Créé à l’origine pour Sylvie Guillem et Nicolas Le Riche pour le Sadler’s Wells Theatre en 201, le ballet a été remodelé par le chorégraphe aujourd’hui pour un trio de danseurs. Ludmila Pagliero ou Roxane Stojanov, aux côtés de Takeru Coste et de Loup Marcault-Derouard, composent ce trio énigmatique, à la virtuosité magnétique, happé par une composition dissonante signée David Morrow. Stridente parfois, dérangeante, la musique fait apparaître les corps tels des pantins mobiles et désarticulés. L’influence du classicisme les happe vers le haut, le moderne jazz les pousse vers le sol, en une rythmique animale et sauvage. C’est puissant et beau à la fois, les interprètes sont dirigés et dansent selon des figures à la sophistication élaborée, d’une pureté parfaite, entre lumières et ténèbres. Le trio de danseurs semble s’épier, se déchirer puis se réconcilier, comme des fleurs carnivores et vénéneuses, en un mélange complet de classicisme et de modernité.
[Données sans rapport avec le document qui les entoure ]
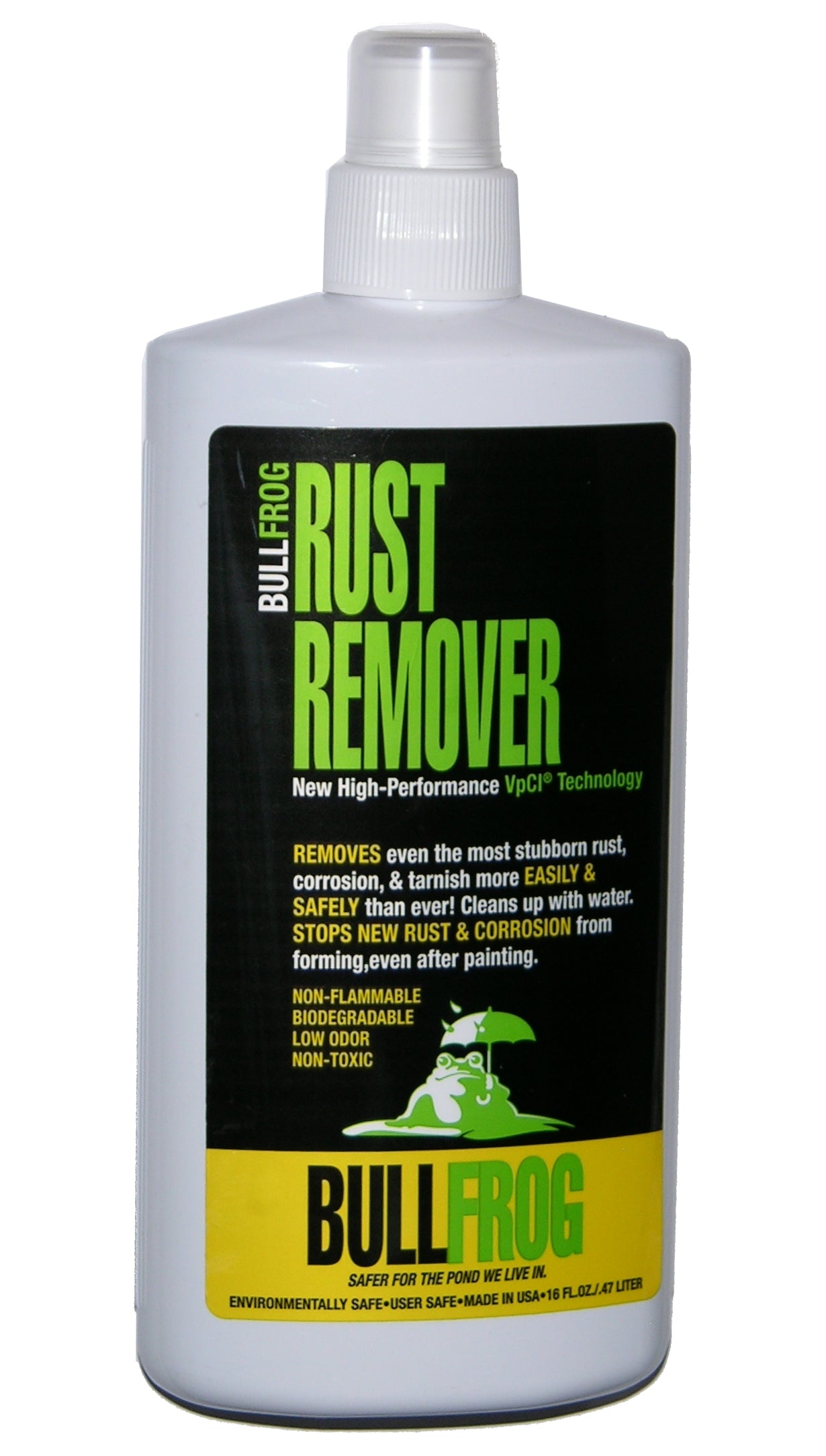 Bull Frog 94236 Non-Toxic Rust Remover Easy, Safe, Removes Rust, Corrosion, 16oz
“Impasse”, une splendide entrée au répertoire

Johan Inger est un chorégraphe suédois qui entre au répertoire de l’Opéra de Paris avec cette œuvre à l’énergie incroyable, cette pièce de danse et de théâtre qui fait exploser tous les genres mais qui raconte des histoires bouleversantes. Dans un décor totalement noir, la silhouette géométrique et lumineuse d’une maison se dessine en fond de scène. Une femme s’échappe par la porte, puis un homme. Sont-ils un couple ? En tous les cas, la musique d’Ibrahim Maalouf et d’Amos Ben-Tal agit comme un filtre magique, démultipliant ses pistes, orient, jazz, organique ou mambo. Un troisième homme débarque, ami ou amant ? Ces trois là nous racontent l’histoire du monde, Adam et Eve et consorts, au fil d’un drôle de suspense.

© Agathe Poupeney

C’est qu’ils vont très vite être rejoints, envahis, submergés par une faune criarde et bruyante de personnages grotesques et clownesques. Une comédie musicale déboule avec des danseurs survoltés par une énergie de feu. Impasse raconte l’histoire de nos vies, de notre désir jamais rassasié, de nos rencontres et de nos fantasmes. La fin est d’une beauté saisissante, poignante mais jamais triste, alors que le volume de la maison se rétrécit considérablement, comme si la vie s’enfuyait. La danse ici se tente de drôlerie et d’humour, avec des figures iconoclastes, un jeu de formes qui pulvérise les corps en un mouvement vivant, organique. Les trompettes d’Ibrahim Maalouf font flotter les jambes et les bras des personnages, tels de grands oiseaux migrateurs qui cherchent où se poser, les visages grimés dessinent des tableaux vivants. Il y a dans cet opus une énergie vibrante, une vitalité et une présence scénique des danseurs tout à fait particulière et remarquable.

Word for world

© Agathe Poupeney

C’est une création qui n’est présentée que lors de quelques représentations, après le sublime défilé du ballet, mais la qualité surprenante de cet opus force le respect. Elle est signée d’un jeune chorégraphe très influencé par Forsythe, My’Kal Stromile, qui dessine un court ballet tout en tension, revisitant les figures de la danse classique française, mais en brouillant les codes pour ménager au spectateur un effet de surprise. Dans des costumes conçus par Chanel, tutus en voile chair qui dessine un voile lunaire, gilets noir brodés d’or, les jeunes danseurs saluent la tradition en y insufflant un joyeux et tonique vent de liberté et de fantaisie. Ce programme est un vrai bonheur.